News / Africa

Ivorian President Says Justice Will Be Applied Equally

Ivory Coast President Alassane Ouattara speaks to reporters during a news conference at the United Nations headquarters in New York, July 27, 2011
Ivory Coast President Alassane Ouattara speaks to reporters during a news conference at the United Nations headquarters in New York, July 27, 2011
Margaret Besheer

The president of Ivory Coast said justice will be applied equally to his supporters and those of former President Laurent Gbagbo, who were involved in the country's recent post-election violence. Speaking at a news conference at the United Nations, Alassane Ouattara said his former rival will be tried for some alleged crimes in Ivory Coast and for others, the government will seek help from the International Criminal Court.

President Ouattara said his top priority is Ivorian reconciliation after the country was torn apart by violence following the disputed presidential election in November.

He told reporters that there would be no distinctions in the application of justice for his own supporters and for supporters of Gbagbo. Fighters on both sides are accused of contributing to the bloodshed that killed more than 3,000 people.

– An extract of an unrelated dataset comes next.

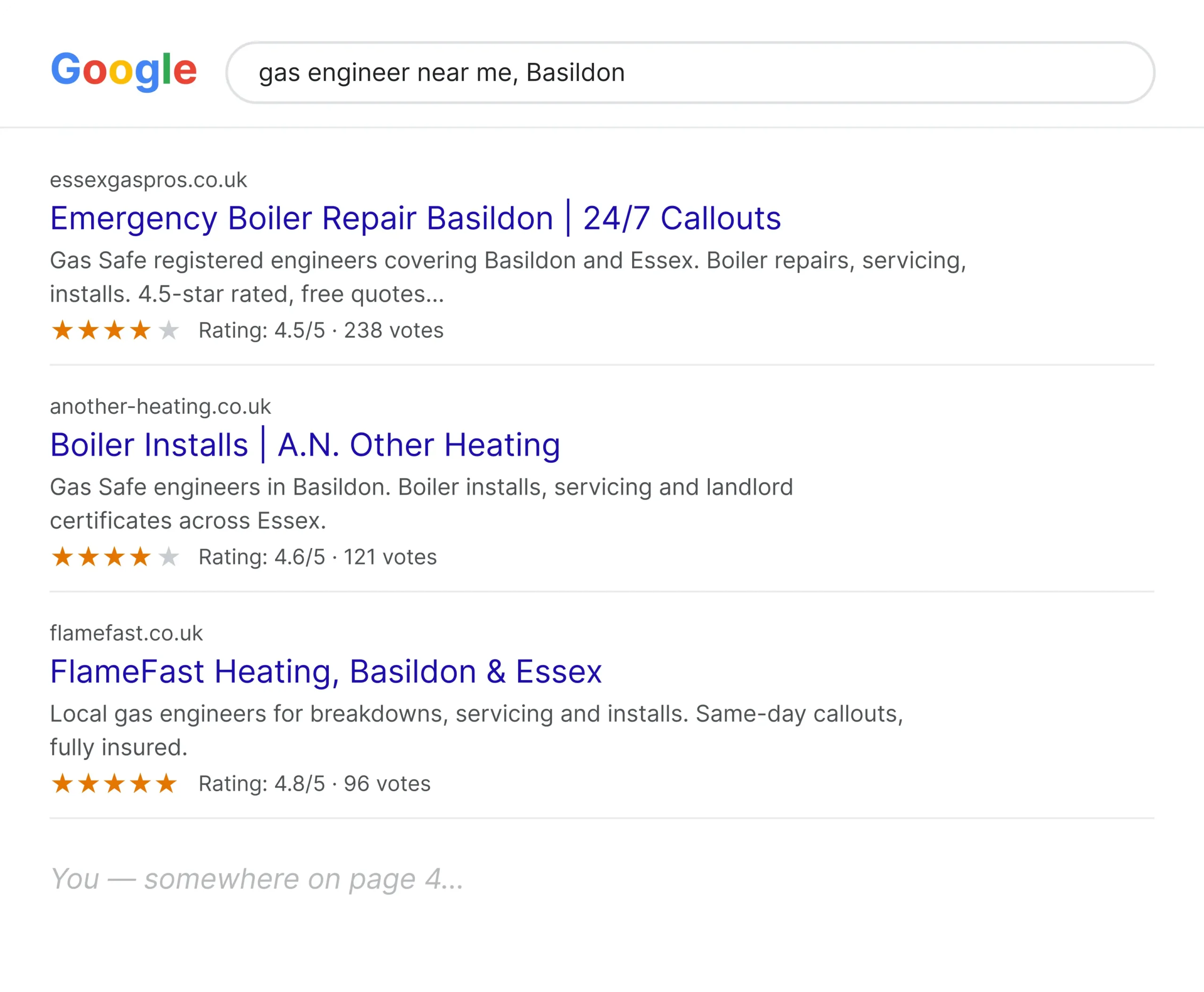 SEO for gas engineers in Essex, Google results for gas engineer near me in Basildon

“I want to be perfectly clear: that there will be no exception," said Ouattara. "All Ivorians are equal and they should be treated equally. That is why I set up a National Commission of Inquiry last week, and that Inquiry Commission will look at all the events that took place since the elections, especially in the western part of the country where hundreds of people got killed.”

He said those who have committed crimes will face trial, and if found guilty they will be punished.

He said Gbagbo and his wife, whose capture in April marked the end of the political crisis, are being held in the presidential palace in the north of the country. He said that under Ivorian law, persons of Gbagbo’s rank must be treated in a dignified manner.

Asked whether Gbagbo would be tried in Ivory Coast or at the International Criminal Court at The Hague, Ouattara said there are two options.

“The first one is for anything linked to economic crimes, to the attempt to keep power without having being elected, what we say in France, 'tentative de destabilisation', they will be tried in Cote d’Ivoire because we have the means to do it," said Ouattara. "But the judicial system has been completely disrupted, even destroyed, over the past 10 years. For the important crimes, the grave crimes, like crimes against humanity, war crimes, and others, that we have asked the International Criminal Court to help us with those types of crimes.”

He added that Gbagbo would receive a fair trial.

During the crisis, Gbagbo was accused of hiring Liberian mercenaries to help him stay in power. Ouattara said he is concerned about the possible lingering threat to security from these individuals, and has agreed with Liberia to exchange information about mercenaries crossing the Ivorian-Liberian border. He said he also is working on a plan for border security.

Earlier, Ouattara met with U.N. Secretary-General Ban Ki-moon. The United Nations said they discussed issues related to the strengthening of state institutions, the restoration of the rule of law, human rights, and the fight against impunity and national reconciliation. The secretary-general expressed the hope that the legislative elections would draw broad participation, including opposition parties.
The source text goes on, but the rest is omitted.